Crash course introduction to parallelism: SIMD Parallelism

Master software performance in just 16 hours!
Join our Software Optimization for the Memory Subsystem Workshop taking place from May 18th to May 21st. Click here to express interest or register.

In the previous post we’ve covered parallel algorithms, and we talked about what kind of problems does parallelism efficiently solve. This time we will talk about what hardware resources developers have at their disposal to achieve parallelism, what are the benefits and limitations of each of them. Today on the menu is SIMD.

SIMD (single instruction multiple data) parallelism

SIMD parallelism is nothing new and all desktop CPUs and many embedded CPUs have it nowadays. The CPUs implement SIMD parallelism through SIMD instructions. Compared to regular instructions, a SIMD instructions (short for Single Instruction Multiple Data) processes more than one piece of data. A standard, scalar load to a register will load a single value, instruction add will add a single value from one register to another, etc. On the other hand, a SIMD load will load several values to a special SIMD register; a vector add instruction will add together several values, etc.

To illustrate this, consider the following scalar loop:

for (int i = 0; i < N; i++) {
    A[i] = B[i] + C[i];
}

In this loop we iterate over three arrays and adding the value of the arrays B and C to array A.

If we were to parallelize this code with SIMD, the code would translate to the following version:

for (int i = 0; i < N; i+=4) {
    vec4 B_tmp = load4(B + i); // Loads 4 integers into a SIMD register B_tmp
    vec4 C_tmp = load4(C + i);
    vec4 A_tmp = add4(B_tmp, C_tmp); // Adds together vectors of four integers
    store4(A_tmp, A + i); // Stores four integers
}

The CPU has a load instruction that can load four (or eight, or sixteen) consecutive values at once to a special SIMD register. Then it performs add on two SIMD registers which actually runs four additions in parallel. In the end, storing four results is also done in parallel. Note that each of these operations correspond roughly to one instruction.

Everything in this example is very performance efficient; loading, adding, and storing four values happens at the same time it would take for a regular scalar version operating on one value to complete.

Visualization of SIMD (single instruction multiple data) and SISD (single instruction single data) instructions. In the case of SIMD, one instruction works on a vector of two values compared to SISD, where one instructions works with only one value

Typically, the CPU has a fixed size SIMD register: 128 bits (SSE), 256 bits (AVX), or 512 bits (AVX512). For example, SSE SIMD on x86 processor can process 2 doubles or 4 ints or 8 shorts or 16 chars. The smaller the type you are processing, the more parallelism can be extracted. In 2020, modern desktop CPUs will typically have SIMD width of 256 bits, high-end server CPUs will have a width of 512 bits. Embedded CPUs mostly have a width of 128 bits.

SIMD Advantages

There are few good things about SIMD. The first is that it is available on almost all CPUs. Only really low-end embedded CPUs will be without SIMD nowdays.
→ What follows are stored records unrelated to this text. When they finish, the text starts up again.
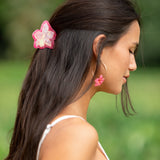 woman wearing a small pink and peach orchid hairclip in hair 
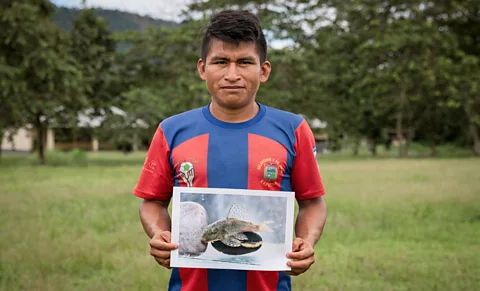 Karen Toro Germán Narankas, a member of the Shuar community, with one of the species he and his community discovered (Credit: Karen Toro)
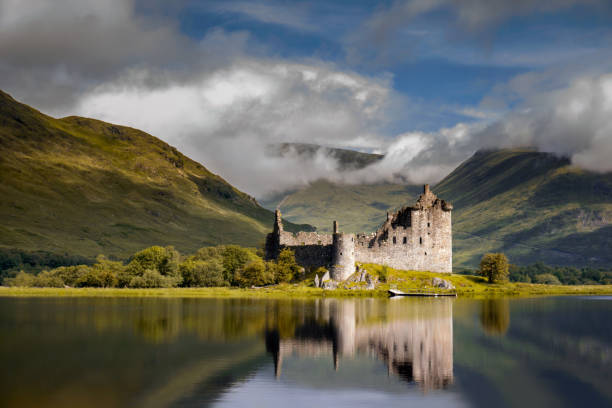 A misty, scenic view of a loch and ancient castle in the Scottish Highlands.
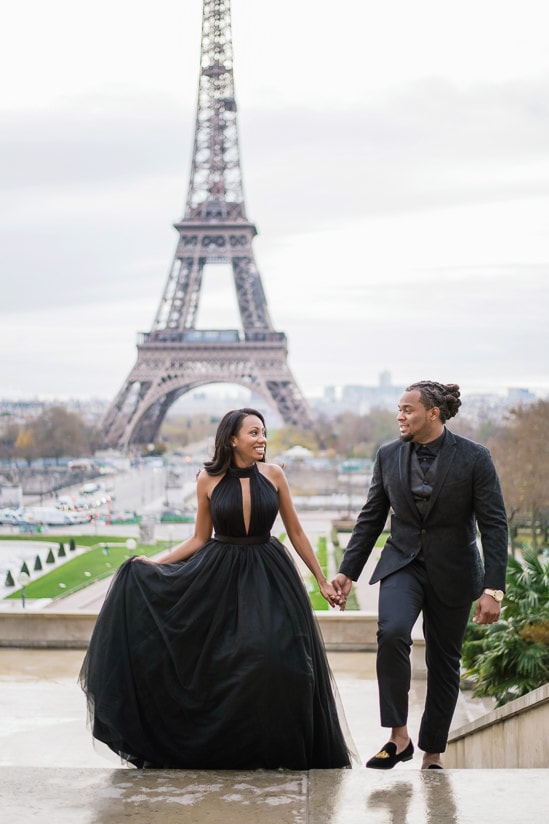 Cute couple photo shoot - couple having romantic stroll in Paris in front of the Eiffel Tower Cute couple photo shoot - couple having romantic stroll in Paris in front of the Eiffel Tower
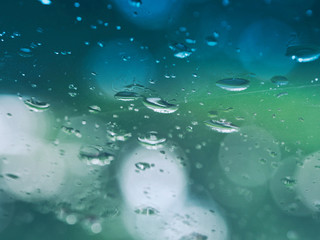 Fototapeta na wymiar Rain drop on glass of window in rainy day.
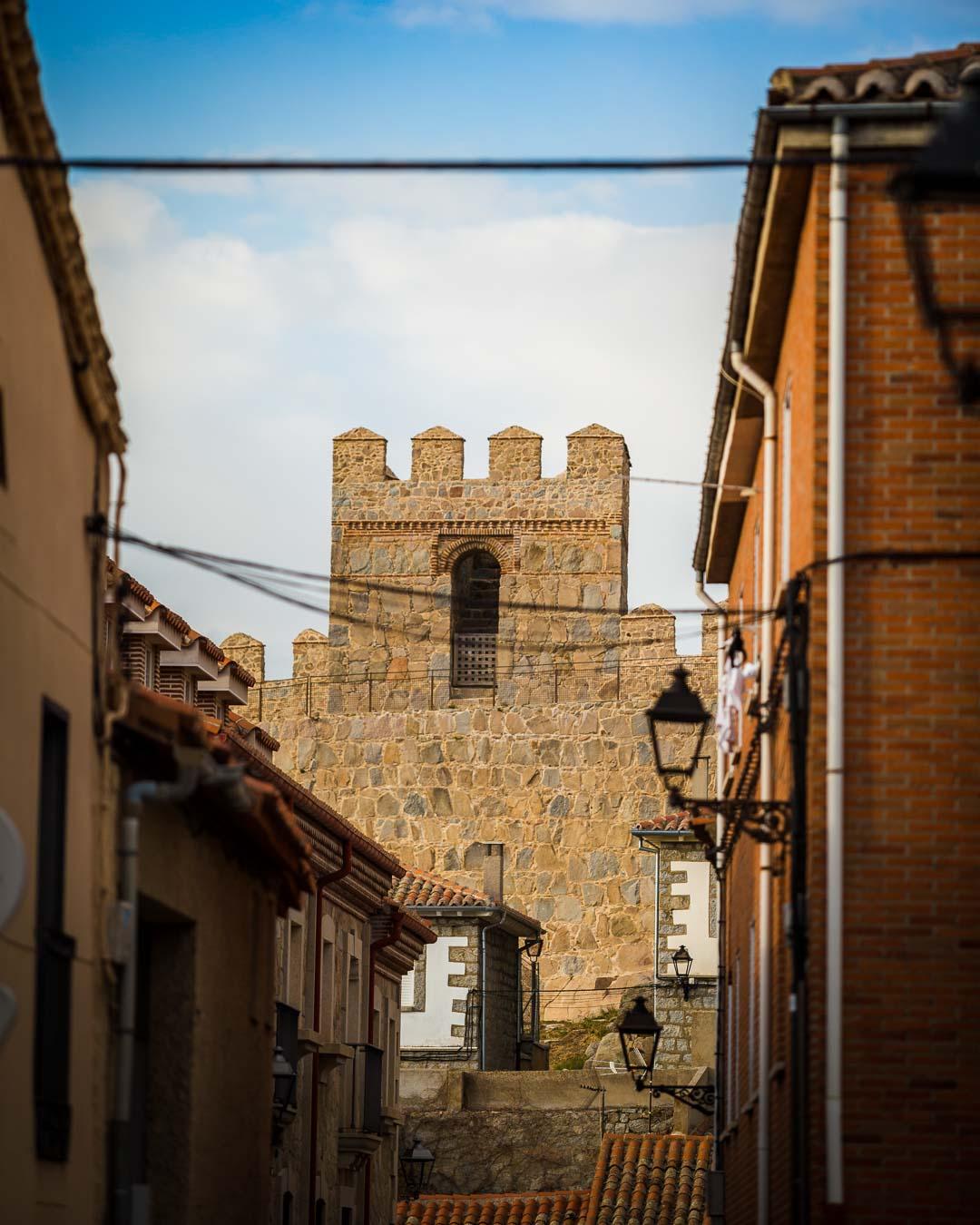 tower of the avila muralla from a street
The second is that SIMD is really the cheapest way to perform parallelization. Other parallelization techniques, such as multithreading or offloading to a graphic card come with a “warm-up” cost. When your input is small, it might cost you more to start threads or copy data to the graphic card than to do the actual computation.

And the last, but the most important thing, the compilers can automatically generate SIMD instructions for various loops in your programs in a process called autovectorization, without any intervention on your side. Compiling with high-level optimization settings (-O3 on most compilers) turns on autovectorization. Note that not all loops will be vectorized, and this depends on many factors: loop carried dependencies, conditional statements in the loop body, data memory layout, etc.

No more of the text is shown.